Paper ID: | 2103 |
---|---|

Title: | A Minimax Approach to Supervised Learning |

The paper proposes the principle of maximum conditional entropy as a principled way for minimax supervised learning. Under some "structure", they reduce it to learning generalized linear models. They develop minimax SVM through this approach, which outperforms standard SVM.

The principle of maximum conditional entropy is an interesting approach to supervised learning that is well motivated. Comments: 1. What is the difference between principle of maximum entropy and principle of maximum conditional entropy? Note that H(Y|X) = H(Y,X) - H(X). In the analysis, tau(Q) contains all distributions that contain same marginal as P_X. Hence, all the distributions in tau(Q) have the same H(X). Thus the proposed approach is same as maximizing H(Y,X) (under some constraints) which is nothing but actual entropy as apposed to conditional entropy. In this sense, how is the proposed approach different from principle of maximum entropy? 2. The current set of results do not include any theoretical guarantees on the statistical complexities of learning under this approach. For example, one of the interesting properties of ERM is that it characterizes the statistical complexity of the learning problem in terms of VC dimension / Radamacher complexity. The results would be particularly interesting, if there is a similar theory behind conditional entropy. 3. The choice of tau(hat(p)), where the authors restrict the model to the set of distributions to be the ones which have the same marginal seems less motivated. It would be good to add more explanation.

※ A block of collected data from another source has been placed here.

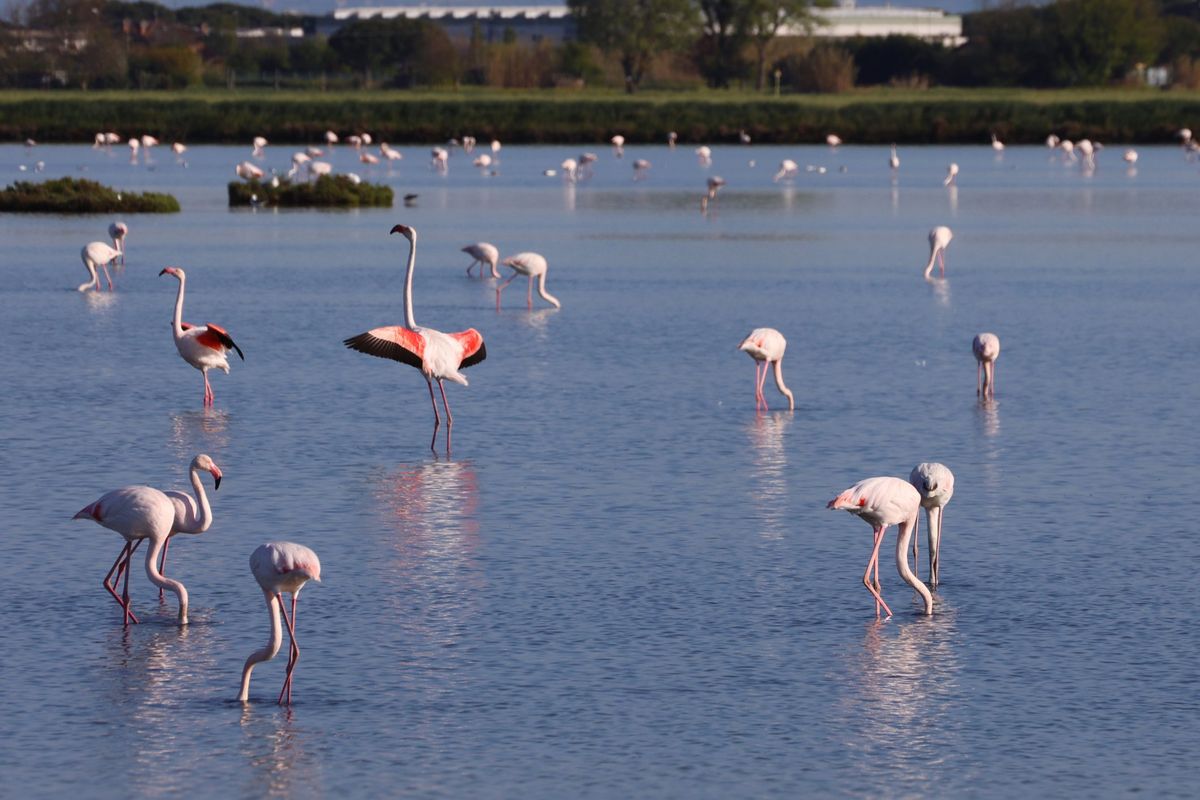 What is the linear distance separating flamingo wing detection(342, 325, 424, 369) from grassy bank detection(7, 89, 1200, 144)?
6163 centimetres

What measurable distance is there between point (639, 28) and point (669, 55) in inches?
334

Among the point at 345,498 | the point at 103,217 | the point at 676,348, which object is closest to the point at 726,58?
the point at 103,217

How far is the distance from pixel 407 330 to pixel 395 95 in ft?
300

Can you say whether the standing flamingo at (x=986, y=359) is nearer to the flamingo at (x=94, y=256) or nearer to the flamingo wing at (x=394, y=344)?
the flamingo wing at (x=394, y=344)

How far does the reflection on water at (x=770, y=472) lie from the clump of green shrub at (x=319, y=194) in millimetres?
29566

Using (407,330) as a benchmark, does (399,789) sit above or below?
below

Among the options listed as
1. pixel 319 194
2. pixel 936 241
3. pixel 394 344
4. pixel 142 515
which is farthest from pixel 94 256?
pixel 319 194

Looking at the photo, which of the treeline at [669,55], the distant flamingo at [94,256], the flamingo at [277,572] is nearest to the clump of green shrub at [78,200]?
the distant flamingo at [94,256]

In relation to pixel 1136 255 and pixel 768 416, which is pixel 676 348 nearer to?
pixel 768 416

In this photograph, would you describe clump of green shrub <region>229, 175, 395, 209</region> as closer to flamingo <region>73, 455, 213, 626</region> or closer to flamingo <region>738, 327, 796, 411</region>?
flamingo <region>738, 327, 796, 411</region>

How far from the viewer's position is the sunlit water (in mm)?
7965

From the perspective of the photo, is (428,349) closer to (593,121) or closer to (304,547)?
(304,547)

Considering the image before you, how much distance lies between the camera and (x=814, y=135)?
76.4 metres

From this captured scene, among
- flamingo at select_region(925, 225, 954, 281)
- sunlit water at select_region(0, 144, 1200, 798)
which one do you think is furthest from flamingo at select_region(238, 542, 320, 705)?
flamingo at select_region(925, 225, 954, 281) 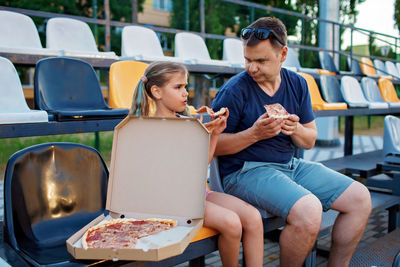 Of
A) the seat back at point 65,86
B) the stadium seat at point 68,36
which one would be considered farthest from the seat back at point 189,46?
the seat back at point 65,86

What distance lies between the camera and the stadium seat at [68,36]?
3.78 metres

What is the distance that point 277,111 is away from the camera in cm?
183

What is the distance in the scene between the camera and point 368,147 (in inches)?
295

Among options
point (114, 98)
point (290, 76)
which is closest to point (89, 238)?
point (290, 76)

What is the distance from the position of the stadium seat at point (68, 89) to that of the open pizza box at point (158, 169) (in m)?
0.97

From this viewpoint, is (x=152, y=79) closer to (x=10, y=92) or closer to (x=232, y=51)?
(x=10, y=92)

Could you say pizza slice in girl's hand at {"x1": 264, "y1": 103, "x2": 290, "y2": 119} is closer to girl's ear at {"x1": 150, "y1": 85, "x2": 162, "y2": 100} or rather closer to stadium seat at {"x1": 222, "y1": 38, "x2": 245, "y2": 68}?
girl's ear at {"x1": 150, "y1": 85, "x2": 162, "y2": 100}

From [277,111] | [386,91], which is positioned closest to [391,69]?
[386,91]

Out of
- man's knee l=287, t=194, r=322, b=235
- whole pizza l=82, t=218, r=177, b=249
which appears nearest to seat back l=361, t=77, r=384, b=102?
man's knee l=287, t=194, r=322, b=235

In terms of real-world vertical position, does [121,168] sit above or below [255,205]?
above

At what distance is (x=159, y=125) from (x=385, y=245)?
191 centimetres

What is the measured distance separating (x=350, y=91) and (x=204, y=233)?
167 inches

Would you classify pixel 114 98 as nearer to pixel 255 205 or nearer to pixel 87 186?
pixel 87 186

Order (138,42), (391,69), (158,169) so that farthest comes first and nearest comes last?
(391,69), (138,42), (158,169) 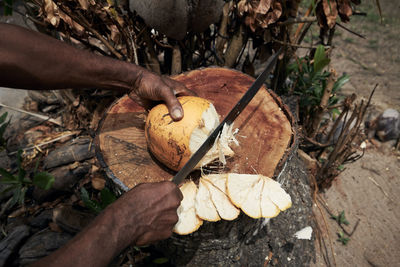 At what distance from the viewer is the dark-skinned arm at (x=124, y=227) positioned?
38.9 inches

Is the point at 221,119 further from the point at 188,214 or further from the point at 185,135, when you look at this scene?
the point at 188,214

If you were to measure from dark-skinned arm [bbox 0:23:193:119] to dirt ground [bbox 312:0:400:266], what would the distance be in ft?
6.70

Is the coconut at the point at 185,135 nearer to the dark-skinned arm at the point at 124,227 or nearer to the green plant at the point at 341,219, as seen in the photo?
the dark-skinned arm at the point at 124,227

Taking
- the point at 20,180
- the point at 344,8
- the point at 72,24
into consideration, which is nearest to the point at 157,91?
the point at 72,24

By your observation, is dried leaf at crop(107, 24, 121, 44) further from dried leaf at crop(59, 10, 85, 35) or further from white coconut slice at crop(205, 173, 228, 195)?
white coconut slice at crop(205, 173, 228, 195)

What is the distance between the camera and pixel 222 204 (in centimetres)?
141

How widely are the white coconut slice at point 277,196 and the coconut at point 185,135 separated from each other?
276 millimetres

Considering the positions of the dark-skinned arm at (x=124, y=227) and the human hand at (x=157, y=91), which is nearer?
the dark-skinned arm at (x=124, y=227)

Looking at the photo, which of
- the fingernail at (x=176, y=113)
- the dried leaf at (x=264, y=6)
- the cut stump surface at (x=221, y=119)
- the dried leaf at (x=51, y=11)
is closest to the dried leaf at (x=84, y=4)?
the dried leaf at (x=51, y=11)

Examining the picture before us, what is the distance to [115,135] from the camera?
1671 millimetres

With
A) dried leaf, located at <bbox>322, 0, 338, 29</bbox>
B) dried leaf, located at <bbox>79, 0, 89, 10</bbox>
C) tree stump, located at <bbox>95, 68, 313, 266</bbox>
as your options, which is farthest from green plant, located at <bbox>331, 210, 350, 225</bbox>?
dried leaf, located at <bbox>79, 0, 89, 10</bbox>

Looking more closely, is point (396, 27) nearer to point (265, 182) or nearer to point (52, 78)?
point (265, 182)

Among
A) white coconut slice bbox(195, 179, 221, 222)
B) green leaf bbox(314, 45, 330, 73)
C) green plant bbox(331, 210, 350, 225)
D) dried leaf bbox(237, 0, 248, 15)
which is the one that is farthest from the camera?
green plant bbox(331, 210, 350, 225)

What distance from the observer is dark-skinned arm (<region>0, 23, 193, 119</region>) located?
4.17 feet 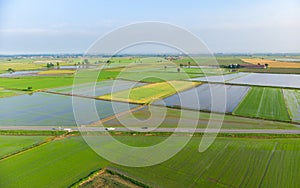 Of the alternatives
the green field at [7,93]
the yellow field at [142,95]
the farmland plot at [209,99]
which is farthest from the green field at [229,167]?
the green field at [7,93]

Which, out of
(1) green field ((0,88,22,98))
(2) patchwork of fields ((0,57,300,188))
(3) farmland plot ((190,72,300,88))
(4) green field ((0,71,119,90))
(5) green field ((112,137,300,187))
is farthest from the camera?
(4) green field ((0,71,119,90))

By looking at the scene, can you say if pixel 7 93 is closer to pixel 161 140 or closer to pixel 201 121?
pixel 161 140

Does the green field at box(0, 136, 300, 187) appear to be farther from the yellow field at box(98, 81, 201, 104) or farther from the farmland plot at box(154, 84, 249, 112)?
the yellow field at box(98, 81, 201, 104)

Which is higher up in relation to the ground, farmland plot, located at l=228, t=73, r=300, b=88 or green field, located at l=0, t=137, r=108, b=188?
farmland plot, located at l=228, t=73, r=300, b=88

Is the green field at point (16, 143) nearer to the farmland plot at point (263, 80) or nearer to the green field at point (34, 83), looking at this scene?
the green field at point (34, 83)

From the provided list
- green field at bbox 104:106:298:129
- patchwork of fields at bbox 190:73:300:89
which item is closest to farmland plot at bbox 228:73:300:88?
patchwork of fields at bbox 190:73:300:89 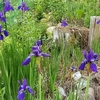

2-Confident (read it all; understood it all reasonably well)

In this article, the authors propose to optimize of the conditional entropy in order to build algorithm in high dimension settings. First, they introduce the notations and give some examples. Then, they show that the maximization boils down to regularized maximum likelihood problem and give a bound for the excess risk. A small numerical illustration is given at the end.

Overall, I had a really hard time to read the paper. To this point, I still do not know if the feature space \cal{X} is discrete or continuous or whatever. I also had a hard time with the function \theta, because the examples are two pages after the first utilization. I believe that the main interest of this paper is to give a better understanding of the classical algorithm or at least another perspective. However, the quality of the writing is not good enough to make it clear.

2-Confident (read it all; understood it all reasonably well)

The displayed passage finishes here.